While melamine is prohibited under European rules in food and feed, the TDI is established from the occurrence of melamine migrating from food packaging into food, "usually 1 or 2 mg/kg, it is very unlikely that more than 2.5mg/kg migrates from packaging into food," adds the spokesperson.

 

As such, the 2.5mg/kg figure stems from the notion that if levels of melamine exceed this number, "it may have been put there" by a manufacturer.

 

The highest reported levels of melamine in the recent Chinese infant formula scare have been around 2500 mg/kg.

 

Products impacted by the FSA's recall and destruction notification are White Rabbit Creamy Candies, 227g, with a best before date of 20 January 2010, and White Rabbit Creamy Candies, 227g, with a best before date of 20 May 2010.

 

In addition, the following product has been withdrawn on a precautionary basis: White Rabbit Creamy Candies, 454g, with a best before date of 20 May 2010.

 

The FSA explains that the affected sweets, made at the Guanshengyuan Food General Factory in China, were forwarded to the Heng Cheung Company in Hong Kong, who supplied them to the Dutch company Liroy, and then distributed to a number of premises in the UK.

 

The melamine contamination of biscuits and confectionery products has dovetailed from the discovery that milk powder produced by Chinese firm San Lu – 43 per cent-owned by New Zealand’s Fonterra group – contained more than 100 times the concentration of melamine that a small baby can tolerate.

 

The UN's Food and Agriculture Organisation estimates that over 54,000 children have sought medical treatment in China after drinking melamine-contaminated infant formula, which can lead to kidney-related problems.

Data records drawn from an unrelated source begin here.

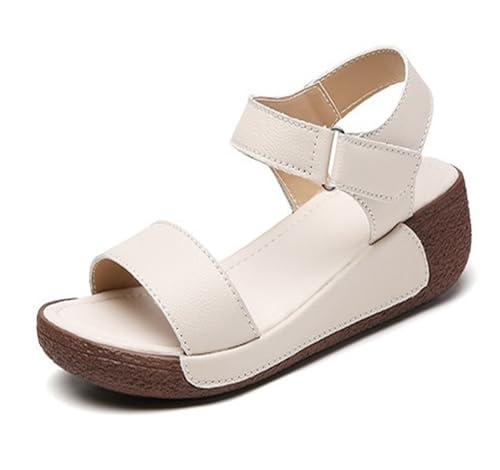Platform Sandals Women's Walking Sandals Women's Flats Comfortable Beach Shoes Strap Round Toe Casual Flats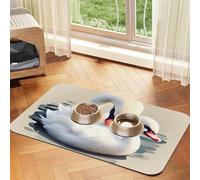 Cute little swan Pet Absorbent Leather Placemat 40x60cm Beautiful Design Cat and Dog Bowl Mat Portable Storage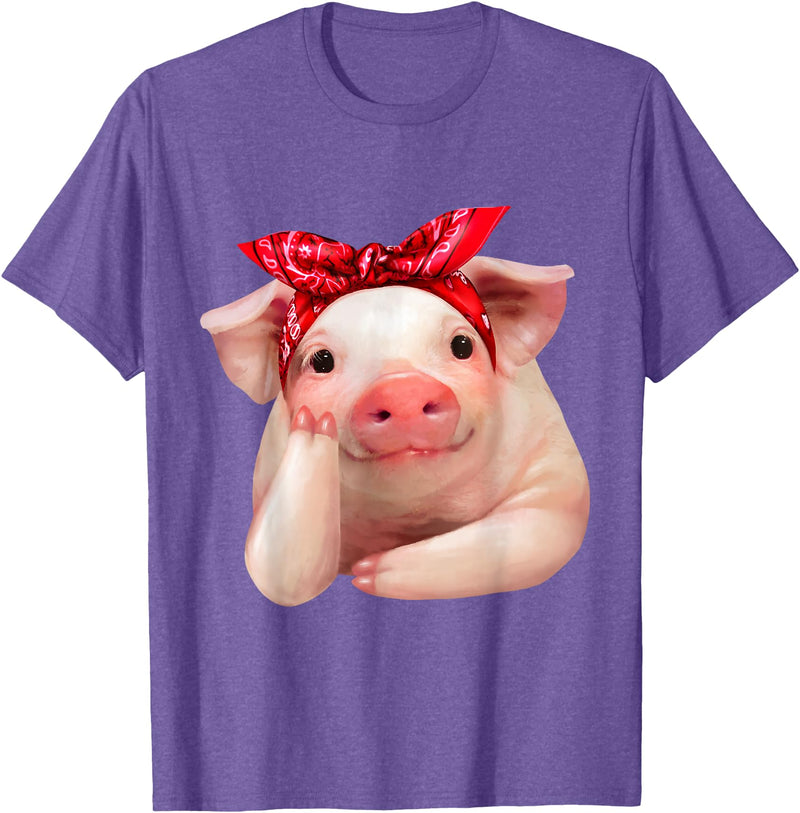Fabulous Farm Animals Shirts Red Bandanna Pig Funny I Love Piggy T Shirt T-Shirt - Purple Heather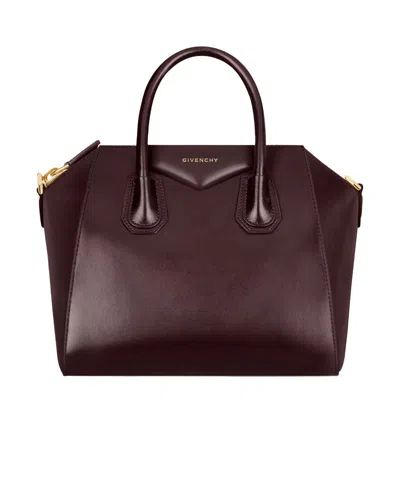 Givenchy Women Burgundy Leather Small Antigona Handbag In Brown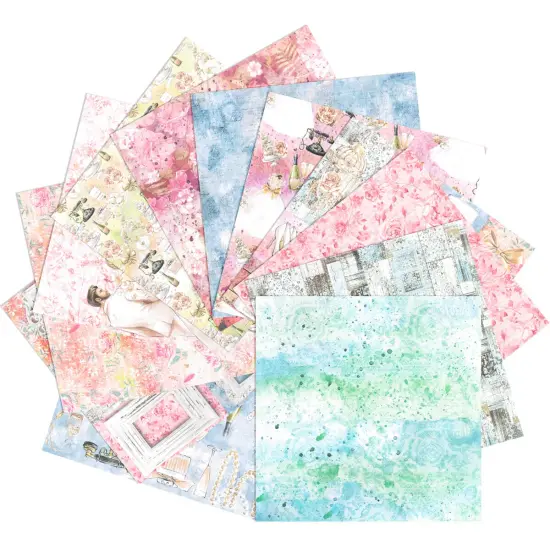 Wrapables 6x6 Decorative Single-Sided Scrapbook Paper for Arts & Crafts Projects, Scrapbooking, Card-Making Wedding {4}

Almost 12,900 are currently hospitalised, and four children have died.

 

A global recall phenomenon, mounting numbers of products contaminated by melamine are turning up all over the world. Leading chocolate manufacturer Cadbury said last week that, as a precautionary measure, it had recalled 11 Chinese-made products from China, Hong Kong, Taiwan and Australia, while on Sunday Reuters reported that a Hong Kong laboratory found Cadbury Dairy Milk Cookies Chocolate Bulk Pack, 5kg, contained 6.9 parts per million (ppm) of melamine, and Cadbury Dairy Milk Hazelnut Chocolate Bulk Pack, 5 kg, had 56 ppm.